Pictures with short captions:

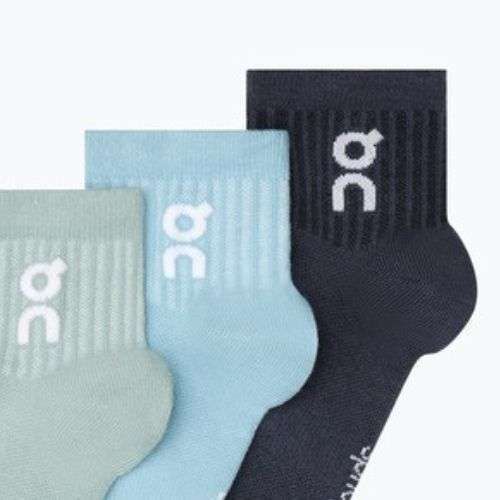 On Logo Sock Mid 3 pár mosás/tengerészkék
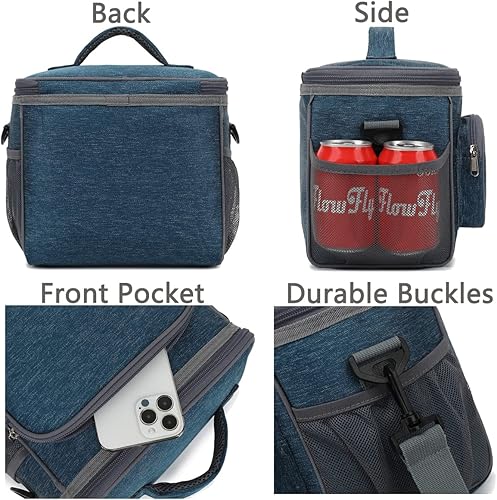 Miniatura 5 de FlowFly - Lonchera térmica y reutilizable grande para adultos, correa ajustable para el hombro, bolsillo frontal con cremallera, bolsillos laterales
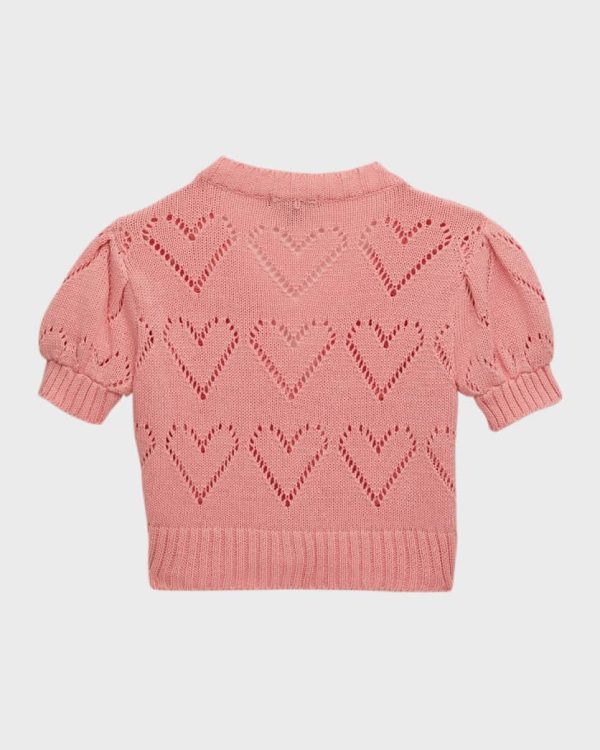 Orange Heart Knit Sweater Fashion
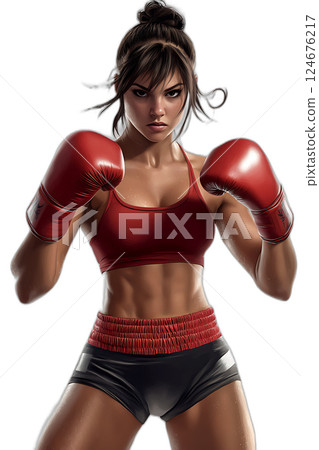 Female boxer in fighting stance, gloves up, strong physique, focused expression, floating character, transparent background 124676217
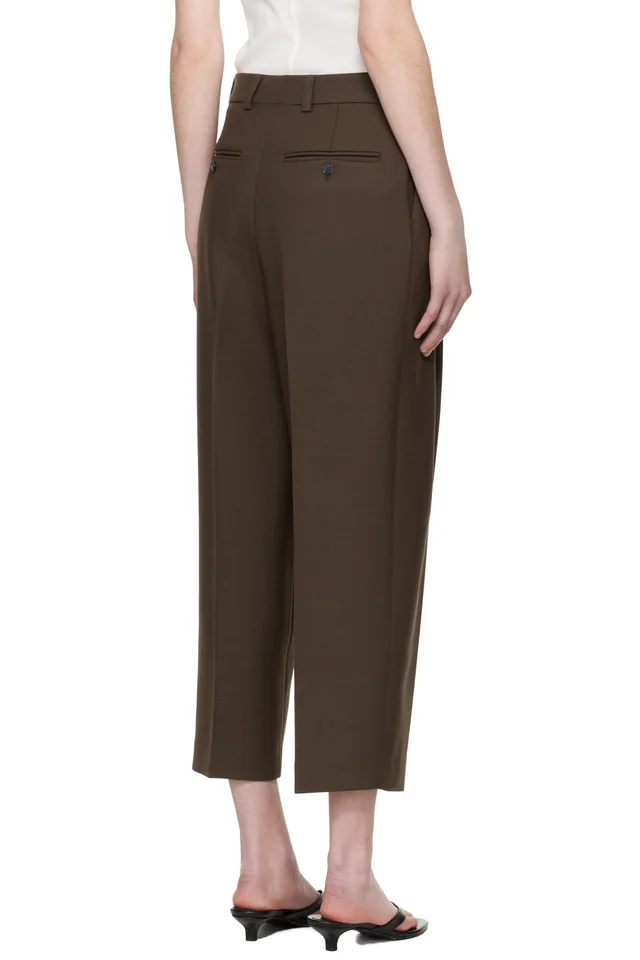 TOTEME Brown Pleated Straight Trousers, photo 3 of 4 from SSENSE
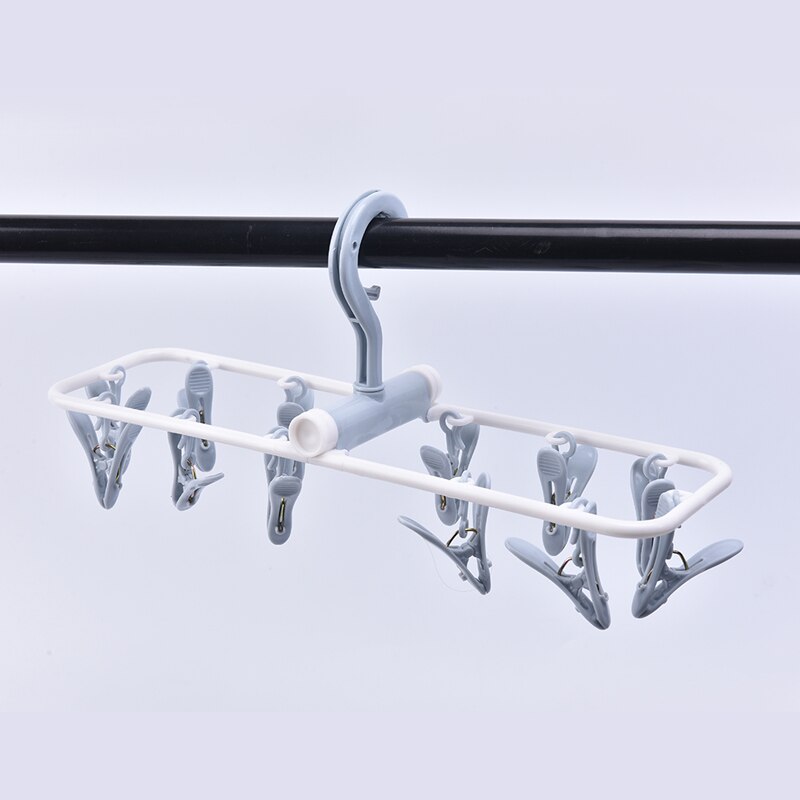 12 Clip Folding Drying Rack Multi-functional Underwear Socks Clip Plastic Rack Clothes Hanger Dryer Towels Cloth Drying Rack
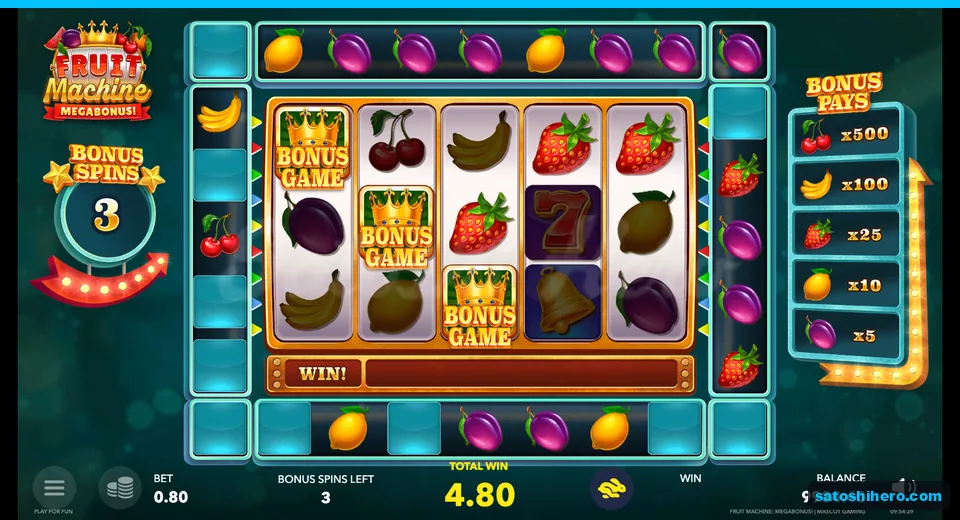 Three crowns with three bonus spins and 4.80 total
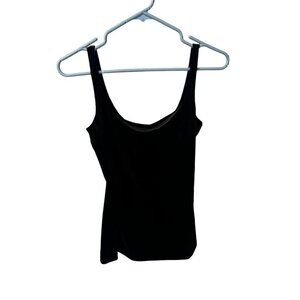 Susana Monaco Women Round Neck, Sleeveless PullOver, Black Velvet Tank Top, SM/M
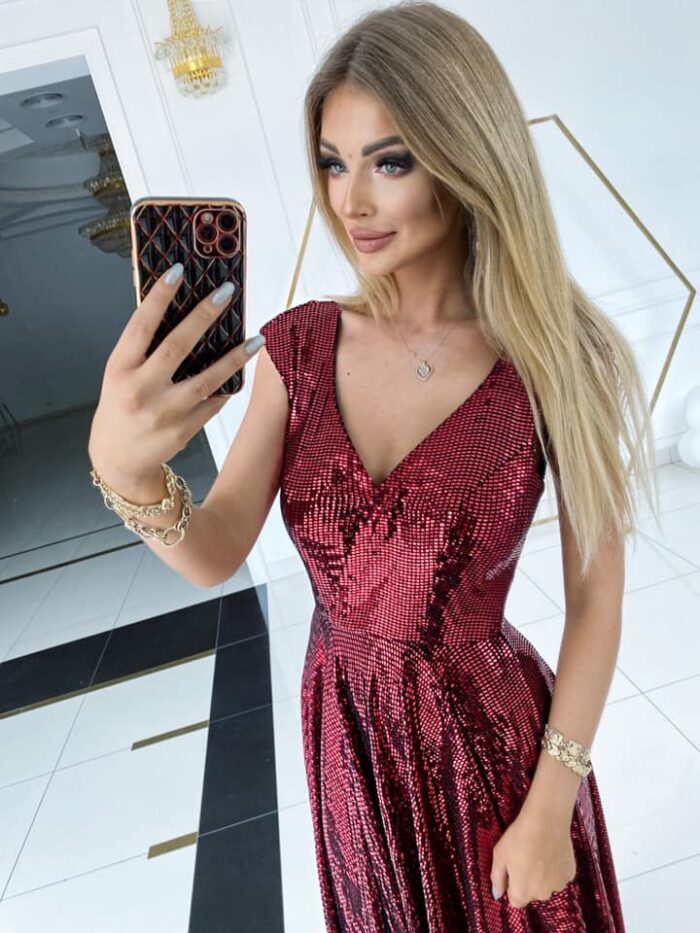 Sukienka Długa Ilona Disco Bordowa - obrazek 5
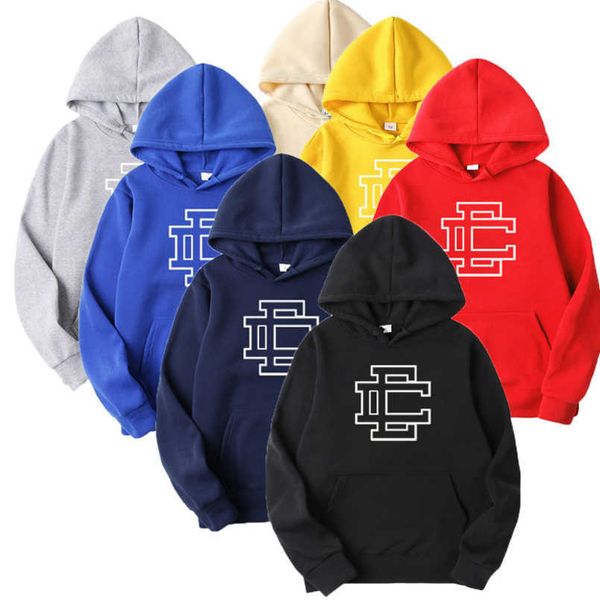 

ee designer double e pattern hoodies hoody men letter pullover sweatshirts oversized clothing quality mens womens hooded jumper refflective, Black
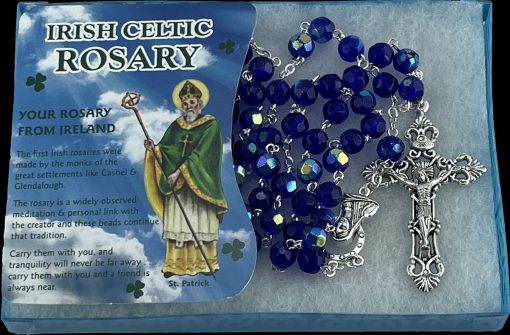 Boxed Acrylic Rosary Beads Dark Blue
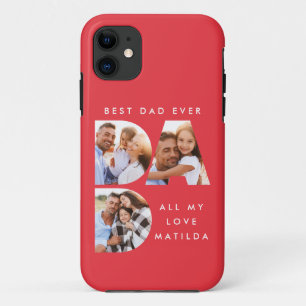 Dad photo modern typography child gift iPhone 11 case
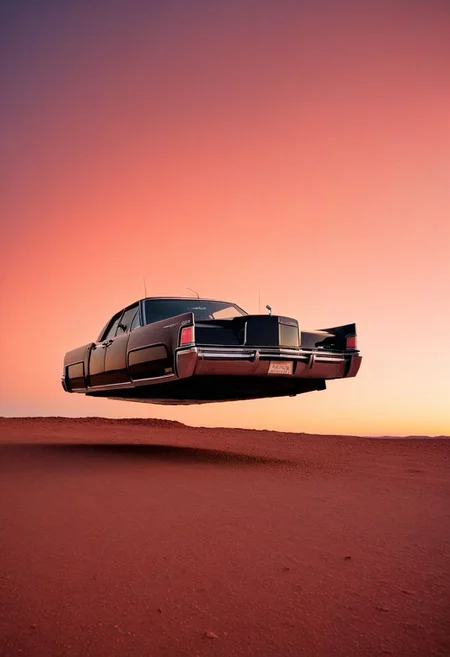 (low angle shot:1.4), an editorial photo of a black Lincoln Continental style Hovering_Car parked outside an American diner on Mars, (scene set on the planet Mars:1.2), red sky, red sands of Mars, highly detailed, retro futurism, science fiction, clean lines, fine art photography, award winning photography, film grain,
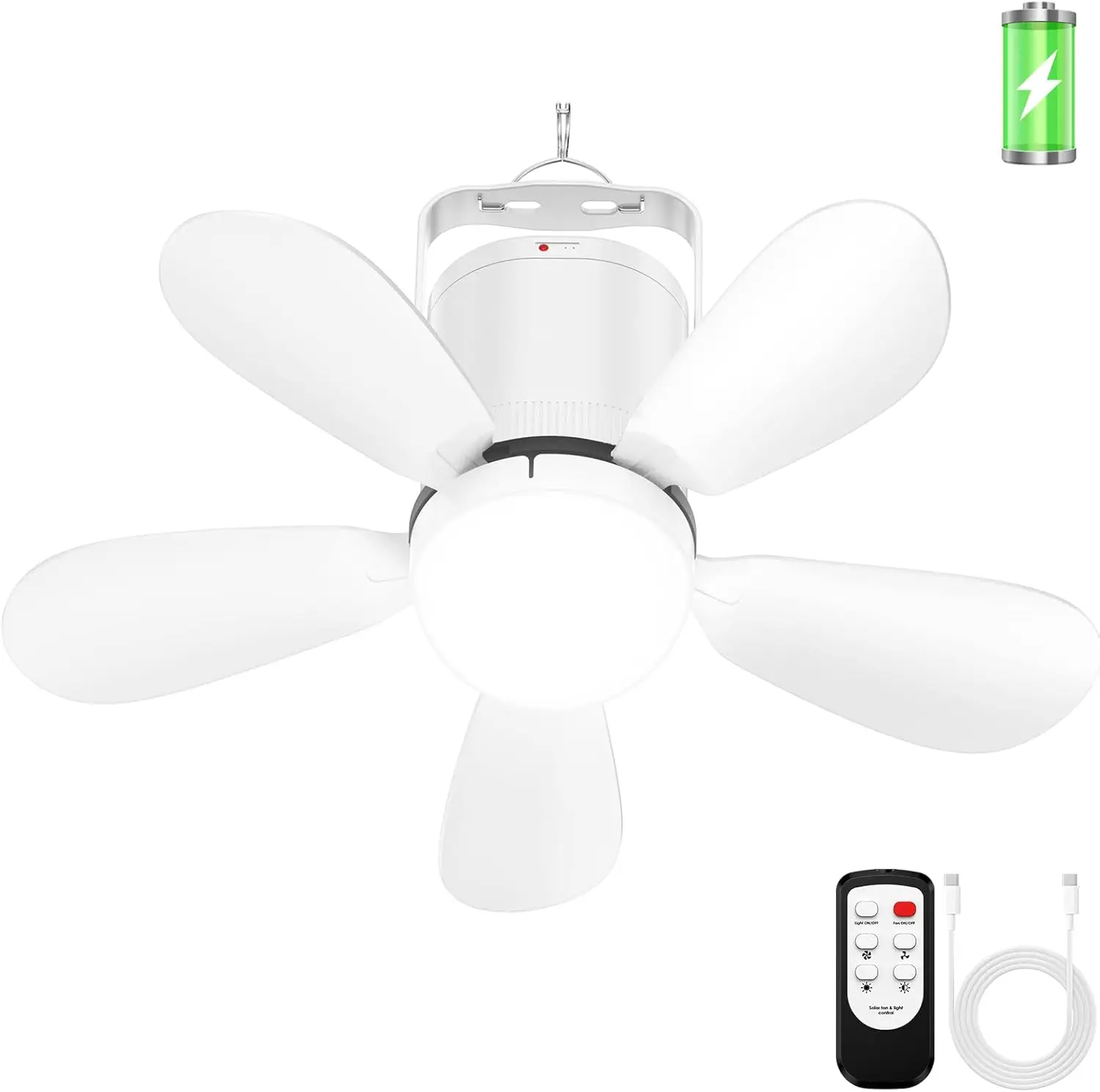 Portable Rechargeable Ceiling Fan with Remote, Wireless Outdoor Fan Light for Camping Patio Gazebo Tent
Portable Rechargeable Ceiling Fan with Remote, Wireless Outdoor Fan Light for Camping Patio Gazebo Tent
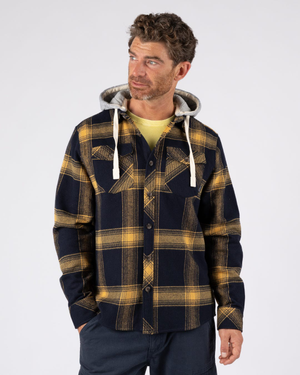 Beale Mens Hooded Check Shirt in Yellow/Blue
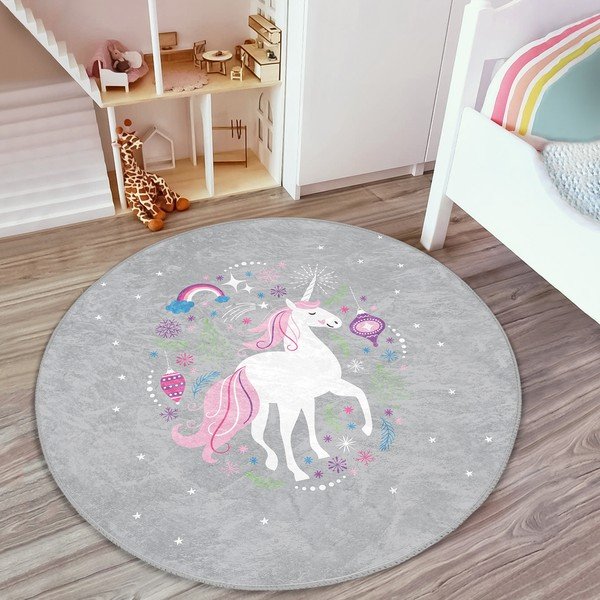 Siva otroška preproga ø 120 cm Comfort – Mila Home-image-3
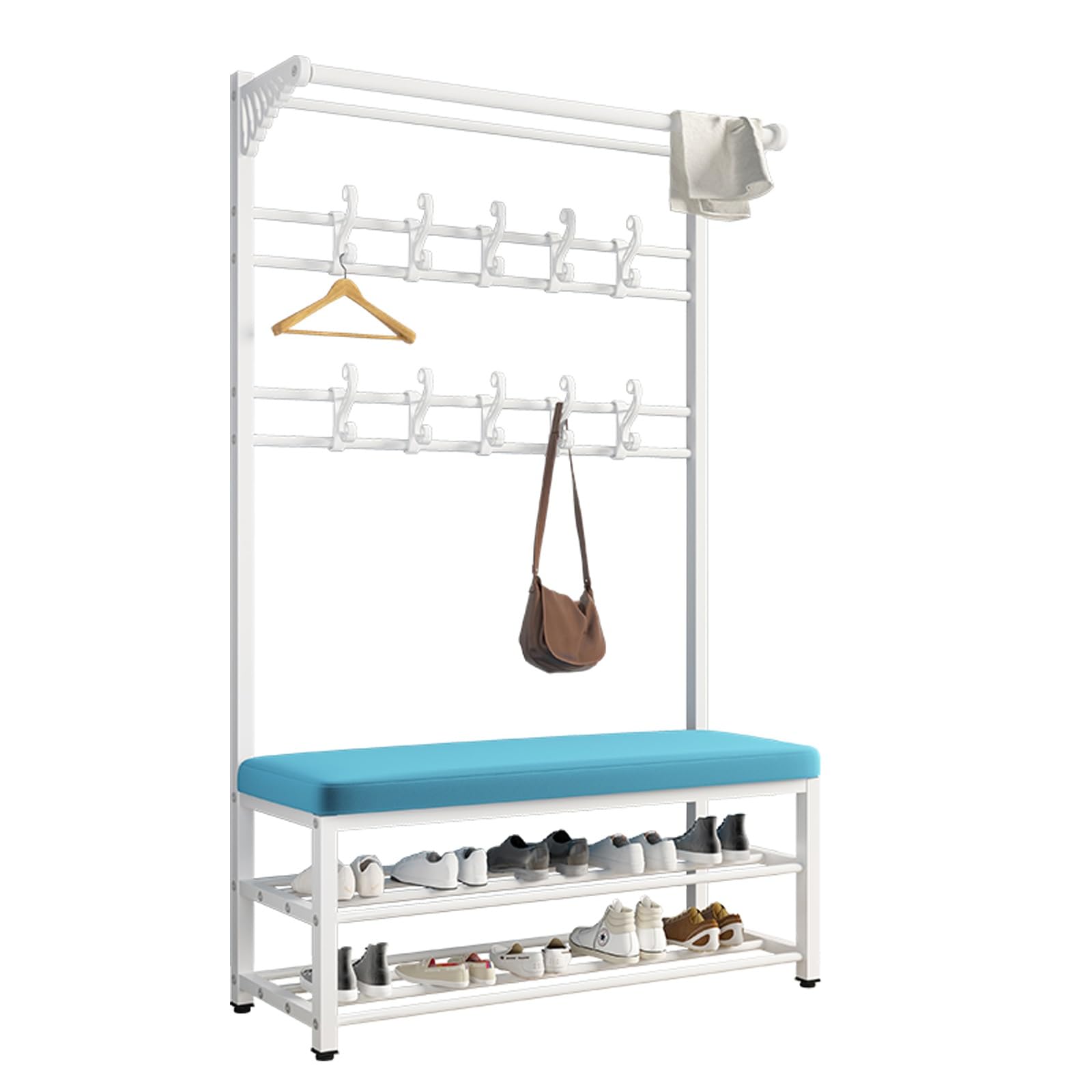 FGXHHS Multifunctal Hall Tree with Bench & Shoe Sto, Coat Rack nizer Comfortable Cush for Entryway Mudroom Fur (White, 80cm)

■ **Requirement**
Return all records exactly; no pictures.

■ **Answer below**
 On Logo Sock Mid 3 pár mosás/tengerészkék
 Miniatura 5 de FlowFly - Lonchera térmica y reutilizable grande para adultos, correa ajustable para el hombro, bolsillo frontal con cremallera, bolsillos laterales
 Orange Heart Knit Sweater Fashion
 Female boxer in fighting stance, gloves up, strong physique, focused expression, floating character, transparent background 124676217
 TOTEME Brown Pleated Straight Trousers, photo 3 of 4 from SSENSE
 12 Clip Folding Drying Rack Multi-functional Underwear Socks Clip Plastic Rack Clothes Hanger Dryer Towels Cloth Drying Rack
 Three crowns with three bonus spins and 4.80 total
 Susana Monaco Women Round Neck, Sleeveless PullOver, Black Velvet Tank Top, SM/M
 Sukienka Długa Ilona Disco Bordowa - obrazek 5

ee designer double e pattern hoodies hoody men letter pullover sweatshirts oversized clothing quality mens womens hooded jumper refflective, Black
 Boxed Acrylic Rosary Beads Dark Blue
 Dad photo modern typography child gift iPhone 11 case
 (low angle shot:1.4), an editorial photo of a black Lincoln Continental style Hovering_Car parked outside an American diner on Mars, (scene set on the planet Mars:1.2), red sky, red sands of Mars, highly detailed, retro futurism, science fiction, clean lines, fine art photography, award winning photography, film grain,
 Portable Rechargeable Ceiling Fan with Remote, Wireless Outdoor Fan Light for Camping Patio Gazebo Tent
Portable Rechargeable Ceiling Fan with Remote, Wireless Outdoor Fan Light for Camping Patio Gazebo Tent
 Beale Mens Hooded Check Shirt in Yellow/Blue
 Siva otroška preproga ø 120 cm Comfort – Mila Home-image-3
 FGXHHS Multifunctal Hall Tree with Bench & Shoe Sto, Coat Rack nizer Comfortable Cush for Entryway Mudroom Fur (White, 80cm)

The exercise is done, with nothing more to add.